The SFMTA staff report showed a total of 81 reported injury collisions along the Evans Avenue corridor between 2015 and 2020. Of those, 12 were pedestrians resulting in five severe injuries and three involved people riding bicycles, resulting in one severe injury.
Some directors questioned why protected bike lanes weren’t planned for the entire project area. Only 54 percent of the new bike lanes will be protected and 39 percent will include buffered protection for bicyclists.
Staff said there was is not adequate width space to provide protected bike lanes on both sides of Evans Avenue.
Ellen Robinson, the SFMTA project manager, said there are competing needs on the corridor, including the 19-Polk and large commercial vehicles.
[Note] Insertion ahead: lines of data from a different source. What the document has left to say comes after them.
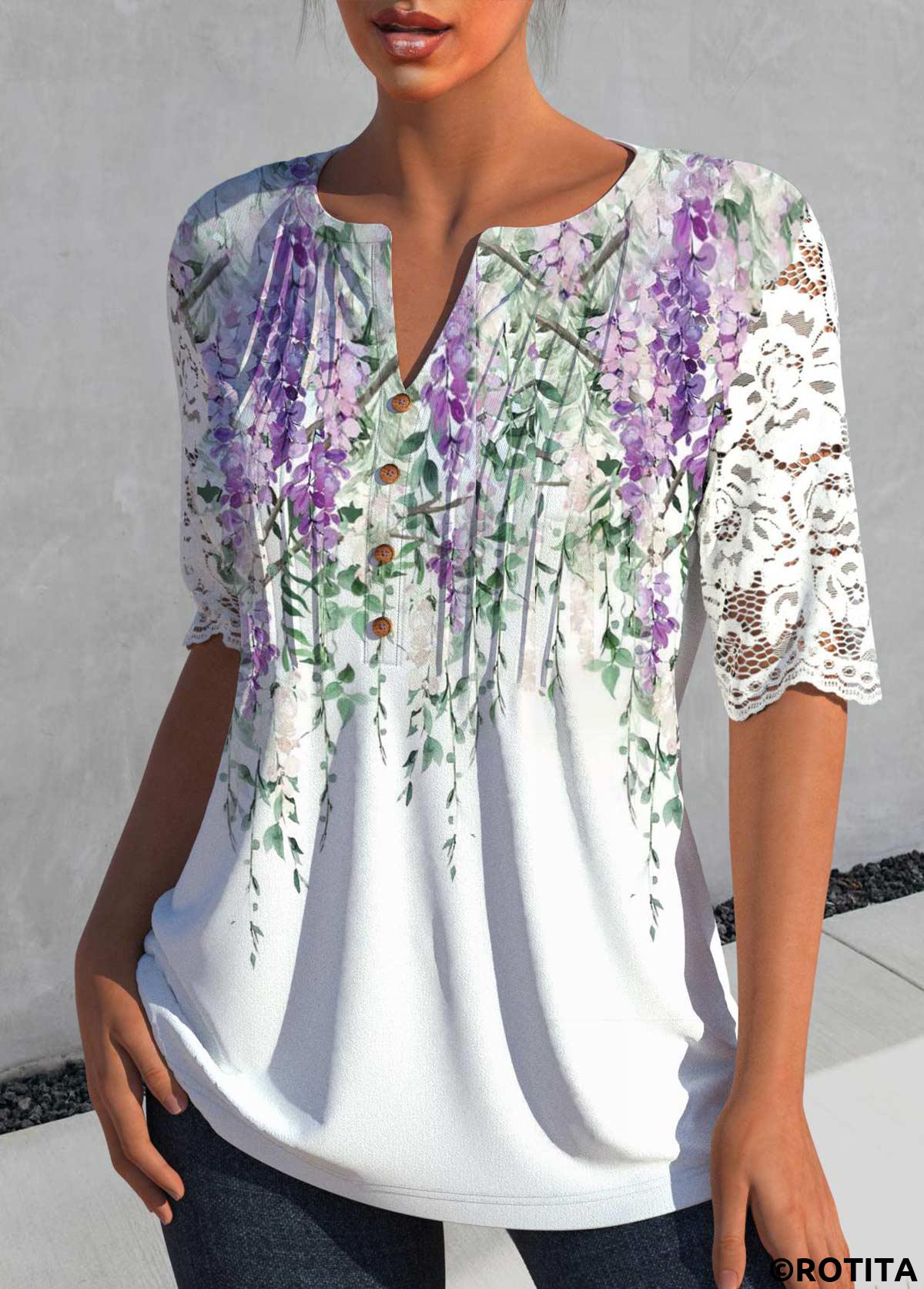 White tops,Floral tops,Plants tops,ROTITA Lace Floral Print White Split Neck Half Sleeve Blouse
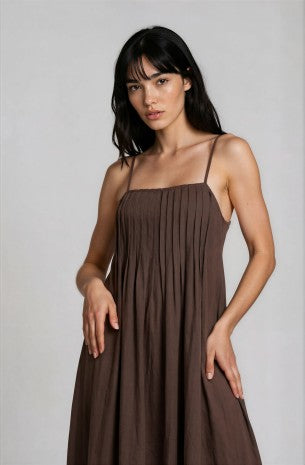 FashionPintuck Detail Spaghetti Strap Midi Sundress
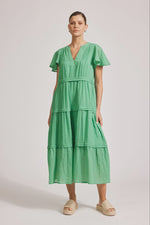 Orsula Tiered Maxi  Dress - Jade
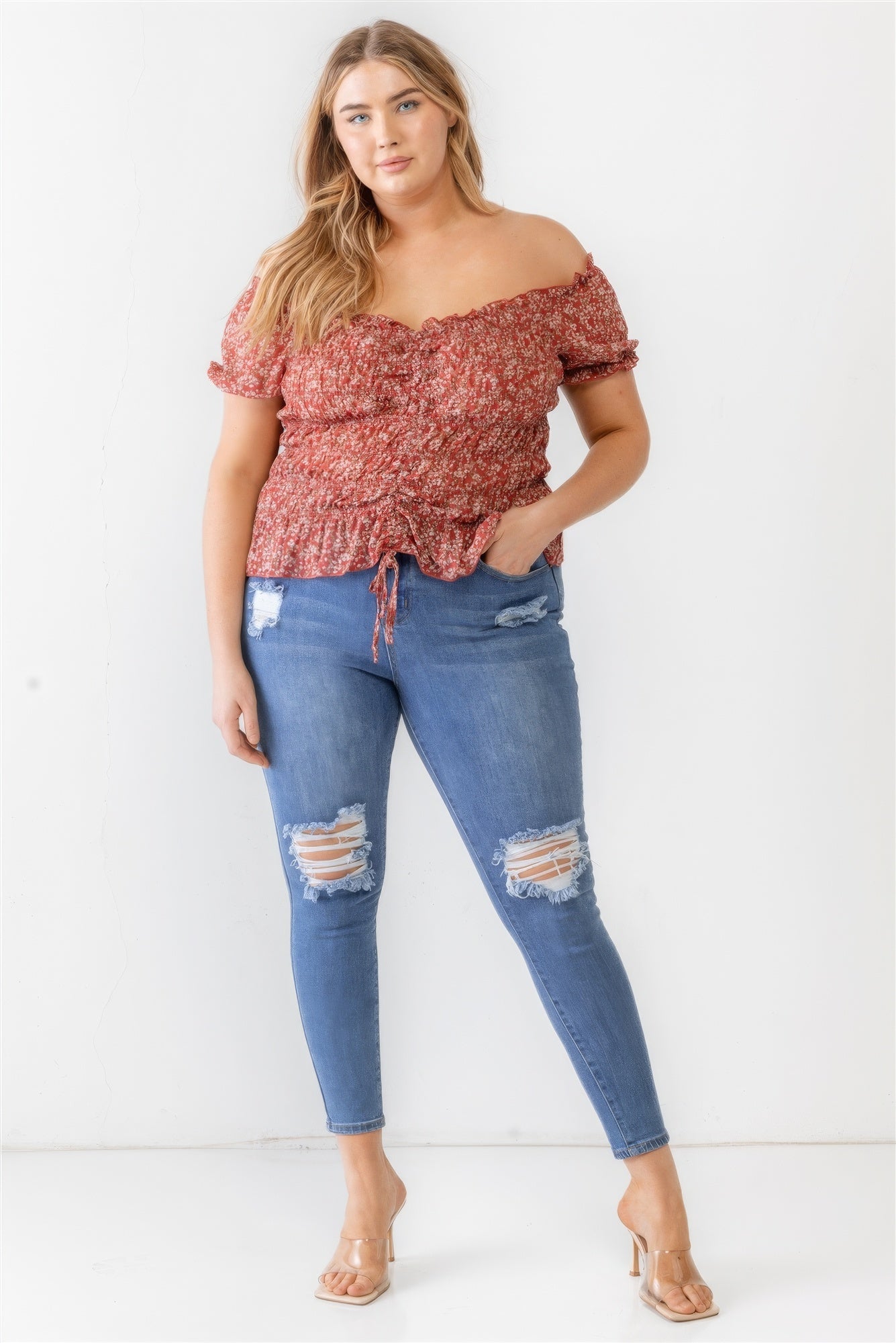 Plus Floral Chiffon Ruched Smocked Off-the-shoulder Top-Teresa&#39;s Fashionista LLC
She said protected bike lanes over the entire span of the project area would constrain emergency access, giving drivers nowhere to pull to allow emergency vehicles to pass.
Heminger, who voted against the proposal, said:
“We’re making it more attractive for them (bicyclists and pedestrians), but not quite as attractive as maybe as it should be.”
Director Amanda Eaken said she was “not wild” about approving the quick-build project with just 54 percent of bike lanes protected, adding:
“The way I see it, the reason we have to do protected bike lanes is because of the presence of large commercial vehicles, which are even so much more devastating in the case of a collision due to their size and their force.”
Eaken introduced an amendment to the resolution that “directs staff to use the Evans Street Quick-Build Project and process to iterate towards the Board’s goal of a 100% safe protected bike lane design on this corridor.”
Another amendment was added that directs staff to continue and expand outreach, and work with city agencies in support of efforts to help individuals who live in vehicles in the project area.
Approximately 58 parking spaces will be removed as a result of the project. Flo Kelly with the Coalition on Homelessness said the project will negatively impact many homeless people who live in vehicles parked along Evans Avenue.
“They won’t be able to be there anymore and it’s very traumatic for them to have to move.”
Though not included in the resolution, directors expressed interest in letting the Department of Homelessness and Supportive Housing working group take the lead on future transit projects.